_Action item:_ Repeat each record below exactly as given.

(Input for this task begins)

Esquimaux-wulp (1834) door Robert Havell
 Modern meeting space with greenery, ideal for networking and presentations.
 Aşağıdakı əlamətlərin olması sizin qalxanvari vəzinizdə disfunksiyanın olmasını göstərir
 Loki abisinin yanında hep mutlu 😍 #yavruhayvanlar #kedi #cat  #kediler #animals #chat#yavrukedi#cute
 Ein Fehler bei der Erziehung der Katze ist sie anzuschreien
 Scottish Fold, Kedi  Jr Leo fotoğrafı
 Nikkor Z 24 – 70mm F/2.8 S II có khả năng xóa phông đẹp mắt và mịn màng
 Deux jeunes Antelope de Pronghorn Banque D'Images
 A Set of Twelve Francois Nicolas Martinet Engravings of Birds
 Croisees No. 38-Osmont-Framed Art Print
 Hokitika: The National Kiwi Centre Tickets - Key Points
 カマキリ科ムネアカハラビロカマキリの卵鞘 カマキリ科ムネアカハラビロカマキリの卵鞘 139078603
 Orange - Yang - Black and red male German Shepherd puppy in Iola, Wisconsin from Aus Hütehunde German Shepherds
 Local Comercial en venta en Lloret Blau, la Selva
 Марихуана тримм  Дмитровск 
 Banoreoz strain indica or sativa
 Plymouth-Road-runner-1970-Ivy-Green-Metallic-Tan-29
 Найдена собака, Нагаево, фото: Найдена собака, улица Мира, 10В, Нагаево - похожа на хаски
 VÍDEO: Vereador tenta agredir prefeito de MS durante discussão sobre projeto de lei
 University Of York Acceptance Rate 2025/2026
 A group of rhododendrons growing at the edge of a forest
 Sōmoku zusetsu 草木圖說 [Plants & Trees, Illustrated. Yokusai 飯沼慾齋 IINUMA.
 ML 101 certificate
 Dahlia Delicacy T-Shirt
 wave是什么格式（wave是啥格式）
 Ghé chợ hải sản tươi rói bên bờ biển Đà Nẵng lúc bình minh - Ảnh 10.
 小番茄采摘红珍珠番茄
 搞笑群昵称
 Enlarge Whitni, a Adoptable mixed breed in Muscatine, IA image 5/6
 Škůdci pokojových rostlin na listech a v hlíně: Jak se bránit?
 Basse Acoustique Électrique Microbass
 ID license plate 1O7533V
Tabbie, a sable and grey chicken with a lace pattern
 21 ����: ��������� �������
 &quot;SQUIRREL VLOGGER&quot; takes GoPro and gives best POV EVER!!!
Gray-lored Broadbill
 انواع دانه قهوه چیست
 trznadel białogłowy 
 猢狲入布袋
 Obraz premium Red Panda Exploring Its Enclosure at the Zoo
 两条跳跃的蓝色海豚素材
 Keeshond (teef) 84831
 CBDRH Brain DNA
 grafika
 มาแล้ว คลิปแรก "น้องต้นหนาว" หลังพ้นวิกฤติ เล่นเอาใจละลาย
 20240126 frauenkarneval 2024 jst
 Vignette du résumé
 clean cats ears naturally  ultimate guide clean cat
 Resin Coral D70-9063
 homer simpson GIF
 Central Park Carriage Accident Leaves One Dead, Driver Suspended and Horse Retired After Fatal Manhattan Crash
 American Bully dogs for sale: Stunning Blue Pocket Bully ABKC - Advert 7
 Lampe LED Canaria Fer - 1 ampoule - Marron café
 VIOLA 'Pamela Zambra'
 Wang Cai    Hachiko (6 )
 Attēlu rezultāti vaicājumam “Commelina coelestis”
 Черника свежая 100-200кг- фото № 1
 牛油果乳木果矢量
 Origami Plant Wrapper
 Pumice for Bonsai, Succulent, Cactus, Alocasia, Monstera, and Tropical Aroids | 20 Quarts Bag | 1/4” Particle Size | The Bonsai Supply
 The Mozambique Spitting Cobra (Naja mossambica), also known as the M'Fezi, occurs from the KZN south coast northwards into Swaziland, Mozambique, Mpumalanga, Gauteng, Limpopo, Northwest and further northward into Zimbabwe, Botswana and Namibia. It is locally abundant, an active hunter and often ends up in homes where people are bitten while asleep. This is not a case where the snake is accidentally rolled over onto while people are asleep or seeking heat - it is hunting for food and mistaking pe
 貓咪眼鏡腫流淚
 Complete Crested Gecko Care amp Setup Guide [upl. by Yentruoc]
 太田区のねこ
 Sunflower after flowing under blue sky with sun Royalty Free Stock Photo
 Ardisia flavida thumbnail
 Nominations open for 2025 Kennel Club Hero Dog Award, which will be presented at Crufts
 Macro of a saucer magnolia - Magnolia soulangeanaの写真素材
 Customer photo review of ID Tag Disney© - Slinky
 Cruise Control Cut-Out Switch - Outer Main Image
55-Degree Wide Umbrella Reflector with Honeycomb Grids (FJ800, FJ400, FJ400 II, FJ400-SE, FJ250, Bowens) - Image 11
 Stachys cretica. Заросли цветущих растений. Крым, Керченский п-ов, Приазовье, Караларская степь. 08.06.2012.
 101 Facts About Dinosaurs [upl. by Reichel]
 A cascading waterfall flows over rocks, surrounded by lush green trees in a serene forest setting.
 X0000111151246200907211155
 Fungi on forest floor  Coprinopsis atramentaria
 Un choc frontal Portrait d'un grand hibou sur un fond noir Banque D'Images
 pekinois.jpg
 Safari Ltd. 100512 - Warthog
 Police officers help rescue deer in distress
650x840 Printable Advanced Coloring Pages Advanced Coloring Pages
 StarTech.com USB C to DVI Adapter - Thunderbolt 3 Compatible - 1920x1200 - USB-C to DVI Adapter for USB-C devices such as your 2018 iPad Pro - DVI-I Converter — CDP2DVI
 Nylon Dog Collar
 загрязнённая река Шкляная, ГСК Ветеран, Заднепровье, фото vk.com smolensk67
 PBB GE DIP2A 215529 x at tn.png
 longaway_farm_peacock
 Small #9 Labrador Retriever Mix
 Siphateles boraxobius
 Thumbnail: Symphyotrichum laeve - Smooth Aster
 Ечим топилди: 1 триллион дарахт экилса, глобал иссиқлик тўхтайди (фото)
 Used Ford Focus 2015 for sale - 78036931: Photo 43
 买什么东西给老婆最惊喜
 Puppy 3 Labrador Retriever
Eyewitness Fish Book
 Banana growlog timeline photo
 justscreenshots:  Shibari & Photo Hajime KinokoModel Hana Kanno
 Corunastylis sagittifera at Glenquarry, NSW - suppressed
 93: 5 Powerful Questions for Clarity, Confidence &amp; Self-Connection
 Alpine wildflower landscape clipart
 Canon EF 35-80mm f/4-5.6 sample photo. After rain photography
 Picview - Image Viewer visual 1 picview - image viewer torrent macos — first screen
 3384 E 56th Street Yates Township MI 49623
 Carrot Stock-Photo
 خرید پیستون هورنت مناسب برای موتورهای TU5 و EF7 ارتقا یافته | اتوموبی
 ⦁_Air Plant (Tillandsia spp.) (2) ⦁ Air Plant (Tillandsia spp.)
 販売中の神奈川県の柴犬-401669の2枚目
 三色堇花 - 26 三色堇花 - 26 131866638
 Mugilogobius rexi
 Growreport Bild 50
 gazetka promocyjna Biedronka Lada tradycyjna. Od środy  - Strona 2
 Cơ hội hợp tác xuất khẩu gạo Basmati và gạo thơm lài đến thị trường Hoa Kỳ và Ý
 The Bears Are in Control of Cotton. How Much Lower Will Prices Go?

(Input for this task ends)

_Answer for this exercise:_
Esquimaux-wulp (1834) door Robert Havell
 Modern meeting space with greenery, ideal for networking and presentations.
 Aşağıdakı əlamətlərin olması sizin qalxanvari vəzinizdə disfunksiyanın olmasını göstərir
 Loki abisinin yanında hep mutlu 😍 #yavruhayvanlar #kedi #cat  #kediler #animals #chat#yavrukedi#cute
 Ein Fehler bei der Erziehung der Katze ist sie anzuschreien
 Scottish Fold, Kedi  Jr Leo fotoğrafı
 Nikkor Z 24 – 70mm F/2.8 S II có khả năng xóa phông đẹp mắt và mịn màng
 Deux jeunes Antelope de Pronghorn Banque D'Images
 A Set of Twelve Francois Nicolas Martinet Engravings of Birds
 Croisees No. 38-Osmont-Framed Art Print
 Hokitika: The National Kiwi Centre Tickets - Key Points
 カマキリ科ムネアカハラビロカマキリの卵鞘 カマキリ科ムネアカハラビロカマキリの卵鞘 139078603
 Orange - Yang - Black and red male German Shepherd puppy in Iola, Wisconsin from Aus Hütehunde German Shepherds
 Local Comercial en venta en Lloret Blau, la Selva
 Марихуана тримм  Дмитровск 
 Banoreoz strain indica or sativa
 Plymouth-Road-runner-1970-Ivy-Green-Metallic-Tan-29
 Найдена собака, Нагаево, фото: Найдена собака, улица Мира, 10В, Нагаево - похожа на хаски
 VÍDEO: Vereador tenta agredir prefeito de MS durante discussão sobre projeto de lei
 University Of York Acceptance Rate 2025/2026
 A group of rhododendrons growing at the edge of a forest
 Sōmoku zusetsu 草木圖說 [Plants & Trees, Illustrated. Yokusai 飯沼慾齋 IINUMA.
 ML 101 certificate
 Dahlia Delicacy T-Shirt
 wave是什么格式（wave是啥格式）
 Ghé chợ hải sản tươi rói bên bờ biển Đà Nẵng lúc bình minh - Ảnh 10.
 小番茄采摘红珍珠番茄
 搞笑群昵称
 Enlarge Whitni, a Adoptable mixed breed in Muscatine, IA image 5/6
 Škůdci pokojových rostlin na listech a v hlíně: Jak se bránit?
 Basse Acoustique Électrique Microbass
 ID license plate 1O7533V
Tabbie, a sable and grey chicken with a lace pattern
 21 ����: ��������� �������
 &quot;SQUIRREL VLOGGER&quot; takes GoPro and gives best POV EVER!!!
Gray-lored Broadbill
 انواع دانه قهوه چیست
 trznadel białogłowy 
 猢狲入布袋
 Obraz premium Red Panda Exploring Its Enclosure at the Zoo
 两条跳跃的蓝色海豚素材
 Keeshond (teef) 84831
 CBDRH Brain DNA
 grafika
 มาแล้ว คลิปแรก "น้องต้นหนาว" หลังพ้นวิกฤติ เล่นเอาใจละลาย
 20240126 frauenkarneval 2024 jst
 Vignette du résumé
 clean cats ears naturally  ultimate guide clean cat
 Resin Coral D70-9063
 homer simpson GIF
 Central Park Carriage Accident Leaves One Dead, Driver Suspended and Horse Retired After Fatal Manhattan Crash
 American Bully dogs for sale: Stunning Blue Pocket Bully ABKC - Advert 7
 Lampe LED Canaria Fer - 1 ampoule - Marron café
 VIOLA 'Pamela Zambra'
 Wang Cai    Hachiko (6 )
 Attēlu rezultāti vaicājumam “Commelina coelestis”
 Черника свежая 100-200кг- фото № 1
 牛油果乳木果矢量
 Origami Plant Wrapper
 Pumice for Bonsai, Succulent, Cactus, Alocasia, Monstera, and Tropical Aroids | 20 Quarts Bag | 1/4” Particle Size | The Bonsai Supply
 The Mozambique Spitting Cobra (Naja mossambica), also known as the M'Fezi, occurs from the KZN south coast northwards into Swaziland, Mozambique, Mpumalanga, Gauteng, Limpopo, Northwest and further northward into Zimbabwe, Botswana and Namibia. It is locally abundant, an active hunter and often ends up in homes where people are bitten while asleep. This is not a case where the snake is accidentally rolled over onto while people are asleep or seeking heat - it is hunting for food and mistaking pe
 貓咪眼鏡腫流淚
 Complete Crested Gecko Care amp Setup Guide [upl. by Yentruoc]
 太田区のねこ
 Sunflower after flowing under blue sky with sun Royalty Free Stock Photo
 Ardisia flavida thumbnail
 Nominations open for 2025 Kennel Club Hero Dog Award, which will be presented at Crufts
 Macro of a saucer magnolia - Magnolia soulangeanaの写真素材
 Customer photo review of ID Tag Disney© - Slinky
 Cruise Control Cut-Out Switch - Outer Main Image
55-Degree Wide Umbrella Reflector with Honeycomb Grids (FJ800, FJ400, FJ400 II, FJ400-SE, FJ250, Bowens) - Image 11
 Stachys cretica. Заросли цветущих растений. Крым, Керченский п-ов, Приазовье, Караларская степь. 08.06.2012.
 101 Facts About Dinosaurs [upl. by Reichel]
 A cascading waterfall flows over rocks, surrounded by lush green trees in a serene forest setting.
 X0000111151246200907211155
 Fungi on forest floor  Coprinopsis atramentaria
 Un choc frontal Portrait d'un grand hibou sur un fond noir Banque D'Images
 pekinois.jpg
 Safari Ltd. 100512 - Warthog
 Police officers help rescue deer in distress
650x840 Printable Advanced Coloring Pages Advanced Coloring Pages
 StarTech.com USB C to DVI Adapter - Thunderbolt 3 Compatible - 1920x1200 - USB-C to DVI Adapter for USB-C devices such as your 2018 iPad Pro - DVI-I Converter — CDP2DVI
 Nylon Dog Collar
 загрязнённая река Шкляная, ГСК Ветеран, Заднепровье, фото vk.com smolensk67
 PBB GE DIP2A 215529 x at tn.png
 longaway_farm_peacock
 Small #9 Labrador Retriever Mix
 Siphateles boraxobius
 Thumbnail: Symphyotrichum laeve - Smooth Aster
 Ечим топилди: 1 триллион дарахт экилса, глобал иссиқлик тўхтайди (фото)
 Used Ford Focus 2015 for sale - 78036931: Photo 43
 买什么东西给老婆最惊喜
 Puppy 3 Labrador Retriever
Eyewitness Fish Book
 Banana growlog timeline photo
 justscreenshots:  Shibari & Photo Hajime KinokoModel Hana Kanno
 Corunastylis sagittifera at Glenquarry, NSW - suppressed
 93: 5 Powerful Questions for Clarity, Confidence &amp; Self-Connection
 Alpine wildflower landscape clipart
 Canon EF 35-80mm f/4-5.6 sample photo. After rain photography
 Picview - Image Viewer visual 1 picview - image viewer torrent macos — first screen
 3384 E 56th Street Yates Township MI 49623
 Carrot Stock-Photo
 خرید پیستون هورنت مناسب برای موتورهای TU5 و EF7 ارتقا یافته | اتوموبی
 ⦁_Air Plant (Tillandsia spp.) (2) ⦁ Air Plant (Tillandsia spp.)
 販売中の神奈川県の柴犬-401669の2枚目
 三色堇花 - 26 三色堇花 - 26 131866638
 Mugilogobius rexi
 Growreport Bild 50
 gazetka promocyjna Biedronka Lada tradycyjna. Od środy  - Strona 2
 Cơ hội hợp tác xuất khẩu gạo Basmati và gạo thơm lài đến thị trường Hoa Kỳ và Ý
 The Bears Are in Control of Cotton. How Much Lower Will Prices Go?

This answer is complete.